Corrosion Behavior of Hydrophobic Coatings in Aqueous CO₂ Environments

Steel pipelines, the backbone of natural gas transportation, face a significant challenge: internal corrosion. Internal corrosion is caused by gas impurities such as CO₂, moisture, and H₂S, leading to material degradation. To combat this, the National Energy Technology Laboratory (NETL) developed a novel hydrophobic coating to reduce surface hydrophobicity and enhance the corrosion resistance of steel. NETL’s approach uses multi-layer hydrophobic coatings, a novel and promising coating that could potentially revolutionize the industry's approach to internal corrosion mitigation. This work aims to investigate the corrosion performance of the hydrophobic coating and determine the water uptake. Electrochemical corrosion experiments were carried out on bare X65 carbon steel without and with coating in 3.5 wt.% NaCl saturated with CO₂ at 20 °C to follow the water uptake as a function of exposure time.
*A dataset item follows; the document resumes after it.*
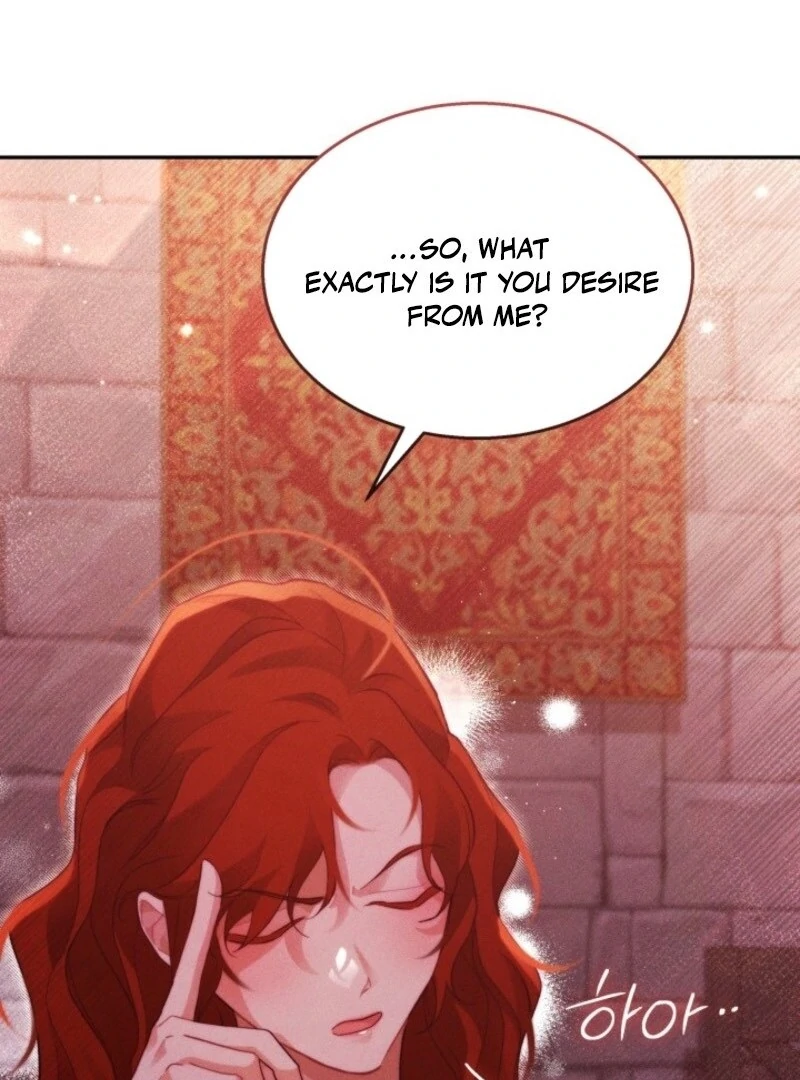 Taram Taram Taram Chapter 58 - Page 12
Linear polarization resistance (LPR) was used to determine the corrosion rate for carbon steel immersed in a NaCl electrolyte saturated with CO₂. Electrochemical impedance spectroscopy (EIS) of uncoated and coated bare carbon steel was investigated. The analyses of impedance models and water uptake behaviors of hydrophobic coatings were studied for 200 hours during the corrosion process. The water uptake was estimated using the Brasher and Kingsbury relation. The corrosion of the base metal without coating (3.8 mm/y) was compared to coated carbon steel (0.02 mm/y). The results showed that the superhydrophobic coating that was developed used innovative nano-based materials to act as protection layers on the surface of metallic parts against mechanical aggressors, corrosion, and fouling agents. These coatings have proven to be ideal candidates to protect steel pipelines.